Данные беру с
https://www.blockchain.com/ru/charts#block.
Мой код:
import pandas as pd
import numpy as np
import matplotlib.pyplot as plt
from sklearn.neighbors import KNeighborsRegressor
from sklearn.linear_model import LinearRegression, LogisticRegression
from sklearn.svm import SVR
from sklearn.ensemble import RandomForestRegressor
from sklearn.metrics import r2_score
from sklearn.model_selection import train_test_split
pd.set_option('display.max_columns', None)

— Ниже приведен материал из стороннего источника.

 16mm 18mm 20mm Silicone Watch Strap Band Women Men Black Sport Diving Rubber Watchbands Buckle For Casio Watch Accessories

data = pd.read_csv('data.csv', delimiter=';', index_col=['Time'], dayfirst=True)
data.index = pd.to_datetime(data.index, format='%d.%m.%Y')

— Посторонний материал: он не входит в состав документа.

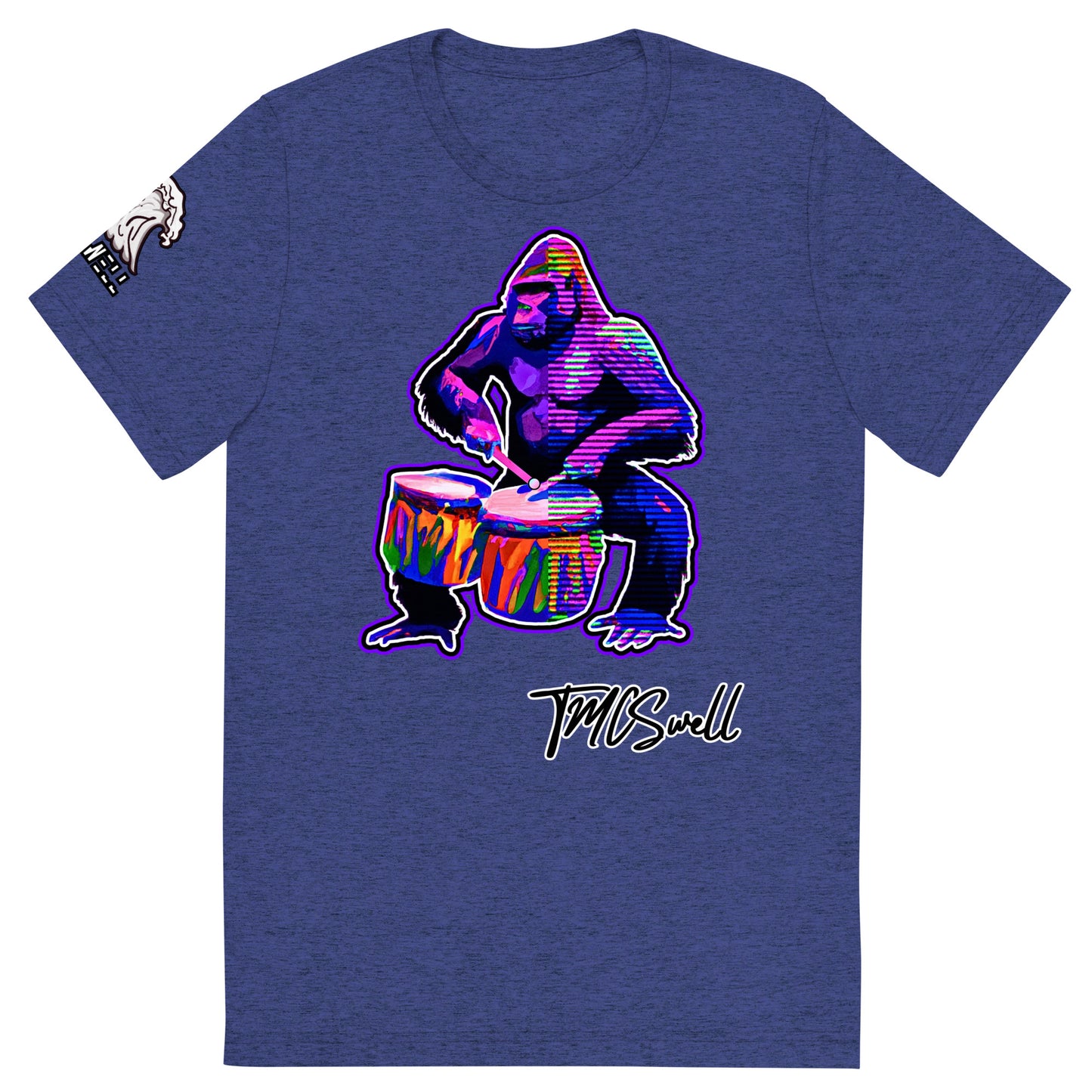 Grape G Drums Tri-Blend T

data = data.resample('W').mean()
y = data['market_price']
x = data.drop(['market_price'], axis=1)
models = [# LinearRegression(), # метод наименьших квадратов
RandomForestRegressor(n_estimators=100, max_features='sqrt'), # случайный лес
# KNeighborsRegressor(n_neighbors=6), # метод ближайших соседей
# SVR(kernel='linear'), # метод опорных векторов с линейным ядром
]
X_train, X_test, Y_train, Y_test = train_test_split(x, y, test_size=0.2, random_state=0)
model = models[0].fit(X_train, Y_train)
r_2 = {'R2_Y': r2_score(Y_test, model.predict(X_test))}
print(r_2)
pred_test = pd.DataFrame({
'pred': model.predict(X_test),
'real': Y_test
})
pred_test.plot()
plt.show()
new_dates = pd.date_range('2021-05-09', '2022-01-02', freq='W')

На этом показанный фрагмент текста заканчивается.